The solutions being implemented also send the message that resources devoted to risk management are wasted. All of these plans reward the financial institutions that acted like lemmings by chasing the mortgage-related debt bubble rather than rewarding the financial institutions that exercised restraint and risk avoidance and independent thought and action. This unfortunate “heads Wall Street Wins, tails America loses” economic policy is wholly inconsistent with the principles of personal and corporate responsibility that are essential to a functional free market.
Firms like Merrill Lynch that took decisive steps to deal with their problems now look like suckers, as do banks that watched their leverage ratios and paid diligently into a deposit insurance program that offers protection on a far smaller scale than their investment banking rivals are getting for nothing. . . .

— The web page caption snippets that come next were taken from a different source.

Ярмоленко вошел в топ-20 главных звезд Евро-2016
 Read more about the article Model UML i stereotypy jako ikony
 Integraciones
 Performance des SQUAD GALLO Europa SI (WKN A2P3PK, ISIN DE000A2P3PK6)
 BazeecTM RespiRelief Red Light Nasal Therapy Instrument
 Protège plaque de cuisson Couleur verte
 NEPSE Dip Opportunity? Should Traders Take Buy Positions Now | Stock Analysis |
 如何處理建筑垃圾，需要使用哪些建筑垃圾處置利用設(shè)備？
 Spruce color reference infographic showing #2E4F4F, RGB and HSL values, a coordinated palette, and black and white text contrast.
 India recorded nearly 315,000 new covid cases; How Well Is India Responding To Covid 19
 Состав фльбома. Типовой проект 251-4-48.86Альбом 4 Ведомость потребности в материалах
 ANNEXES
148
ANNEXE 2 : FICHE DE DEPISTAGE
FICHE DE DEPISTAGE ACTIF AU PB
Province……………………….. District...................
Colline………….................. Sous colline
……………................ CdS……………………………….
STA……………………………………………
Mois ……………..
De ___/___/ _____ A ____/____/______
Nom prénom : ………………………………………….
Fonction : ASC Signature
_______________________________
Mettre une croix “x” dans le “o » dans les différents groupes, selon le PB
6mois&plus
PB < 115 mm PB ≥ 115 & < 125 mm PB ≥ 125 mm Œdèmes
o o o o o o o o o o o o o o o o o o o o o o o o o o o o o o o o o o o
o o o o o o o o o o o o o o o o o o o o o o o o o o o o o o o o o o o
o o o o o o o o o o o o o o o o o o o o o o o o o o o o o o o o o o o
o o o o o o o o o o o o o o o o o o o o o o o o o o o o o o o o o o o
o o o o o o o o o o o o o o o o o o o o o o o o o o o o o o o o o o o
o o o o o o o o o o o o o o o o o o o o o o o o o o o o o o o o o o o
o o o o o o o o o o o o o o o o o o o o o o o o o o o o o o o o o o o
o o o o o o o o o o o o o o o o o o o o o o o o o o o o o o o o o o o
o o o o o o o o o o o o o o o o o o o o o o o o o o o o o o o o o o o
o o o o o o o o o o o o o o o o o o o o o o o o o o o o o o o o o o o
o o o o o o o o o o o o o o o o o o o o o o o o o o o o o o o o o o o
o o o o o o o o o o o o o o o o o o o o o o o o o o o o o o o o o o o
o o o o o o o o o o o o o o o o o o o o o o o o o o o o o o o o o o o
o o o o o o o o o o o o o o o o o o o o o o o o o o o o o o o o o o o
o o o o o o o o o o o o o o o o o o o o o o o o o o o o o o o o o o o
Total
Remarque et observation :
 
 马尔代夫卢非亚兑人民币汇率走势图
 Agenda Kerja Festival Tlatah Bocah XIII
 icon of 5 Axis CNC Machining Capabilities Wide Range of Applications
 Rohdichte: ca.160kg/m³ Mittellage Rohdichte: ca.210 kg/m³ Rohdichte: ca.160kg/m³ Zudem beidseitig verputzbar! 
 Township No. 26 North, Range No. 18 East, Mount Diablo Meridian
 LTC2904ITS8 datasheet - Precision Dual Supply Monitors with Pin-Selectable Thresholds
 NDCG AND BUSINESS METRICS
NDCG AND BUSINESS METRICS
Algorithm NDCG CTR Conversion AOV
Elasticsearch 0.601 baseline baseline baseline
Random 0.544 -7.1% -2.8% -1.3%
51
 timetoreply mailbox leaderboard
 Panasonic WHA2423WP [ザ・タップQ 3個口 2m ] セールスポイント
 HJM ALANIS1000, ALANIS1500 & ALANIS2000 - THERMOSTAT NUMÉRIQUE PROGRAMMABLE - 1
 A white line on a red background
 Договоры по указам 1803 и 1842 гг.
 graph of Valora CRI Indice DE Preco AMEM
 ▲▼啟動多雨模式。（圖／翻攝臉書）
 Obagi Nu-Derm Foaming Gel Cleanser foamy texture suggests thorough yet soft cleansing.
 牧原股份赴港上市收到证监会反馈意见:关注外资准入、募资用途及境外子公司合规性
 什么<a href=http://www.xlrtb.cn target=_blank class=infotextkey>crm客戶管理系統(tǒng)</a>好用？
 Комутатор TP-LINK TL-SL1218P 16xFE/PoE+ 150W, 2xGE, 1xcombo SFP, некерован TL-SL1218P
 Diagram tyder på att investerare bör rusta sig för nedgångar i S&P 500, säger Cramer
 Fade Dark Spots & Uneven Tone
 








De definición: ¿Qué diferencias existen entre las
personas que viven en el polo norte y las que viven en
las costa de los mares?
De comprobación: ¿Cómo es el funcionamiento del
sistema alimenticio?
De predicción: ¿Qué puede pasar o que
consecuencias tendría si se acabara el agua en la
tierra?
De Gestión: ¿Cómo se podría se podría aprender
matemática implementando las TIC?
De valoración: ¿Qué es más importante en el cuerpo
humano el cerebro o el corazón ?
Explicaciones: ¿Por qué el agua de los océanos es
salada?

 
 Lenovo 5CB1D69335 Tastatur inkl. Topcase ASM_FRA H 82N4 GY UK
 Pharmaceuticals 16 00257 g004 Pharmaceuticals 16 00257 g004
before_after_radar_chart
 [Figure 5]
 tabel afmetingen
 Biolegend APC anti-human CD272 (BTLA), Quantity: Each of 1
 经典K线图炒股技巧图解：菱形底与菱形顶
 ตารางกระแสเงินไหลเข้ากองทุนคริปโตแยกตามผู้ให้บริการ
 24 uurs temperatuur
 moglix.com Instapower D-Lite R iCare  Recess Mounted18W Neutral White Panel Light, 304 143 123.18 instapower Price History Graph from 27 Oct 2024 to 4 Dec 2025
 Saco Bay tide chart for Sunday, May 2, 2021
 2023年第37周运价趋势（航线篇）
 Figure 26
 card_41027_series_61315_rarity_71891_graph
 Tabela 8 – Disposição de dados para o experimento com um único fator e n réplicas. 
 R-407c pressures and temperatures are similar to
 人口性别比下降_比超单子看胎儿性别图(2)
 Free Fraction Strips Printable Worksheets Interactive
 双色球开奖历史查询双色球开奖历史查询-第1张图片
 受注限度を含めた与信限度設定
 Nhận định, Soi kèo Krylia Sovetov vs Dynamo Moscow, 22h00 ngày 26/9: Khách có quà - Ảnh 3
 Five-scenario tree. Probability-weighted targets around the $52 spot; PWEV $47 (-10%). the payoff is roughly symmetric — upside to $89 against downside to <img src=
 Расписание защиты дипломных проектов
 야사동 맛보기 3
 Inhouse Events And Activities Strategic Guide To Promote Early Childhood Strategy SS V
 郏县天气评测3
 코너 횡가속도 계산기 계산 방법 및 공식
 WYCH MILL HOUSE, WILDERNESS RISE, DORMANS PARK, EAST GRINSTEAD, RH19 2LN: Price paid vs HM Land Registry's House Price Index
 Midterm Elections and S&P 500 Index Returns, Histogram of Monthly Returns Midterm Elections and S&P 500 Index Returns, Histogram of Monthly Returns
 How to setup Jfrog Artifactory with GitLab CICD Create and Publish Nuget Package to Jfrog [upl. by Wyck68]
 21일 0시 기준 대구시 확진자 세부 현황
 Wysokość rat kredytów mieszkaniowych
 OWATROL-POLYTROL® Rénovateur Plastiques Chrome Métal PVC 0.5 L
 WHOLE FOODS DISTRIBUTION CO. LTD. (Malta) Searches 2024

The Bear Stearns bailout, the restrictions on short-selling and the government’s new $700 billion commitment to buy toxic mortgage-based assets all share the same fundamental flaw: They prevent the market from imposing discipline on banks guilty of massive over-leveraging and excessive risk-taking. Moreover, they punish prudent managers who invested conservatively, kept their companies’ debt at reasonable levels and worked hard to raise new capital when necessary. The SEC’s attack on short-selling punishes savvy traders who invested resources and effort in identifying companies with too much debt and unrealistically valued assets.
Letting markets work is messy and costly. Nevertheless, the only sensible way to deal with the current crisis is to force the companies who created the mess to bear at least some of the costs of their mistakes. Most of all, if the markets are to get back on track our regulators must put an immediate stop to their current practice of publicly demonizing the markets and work to restore confidence in the system.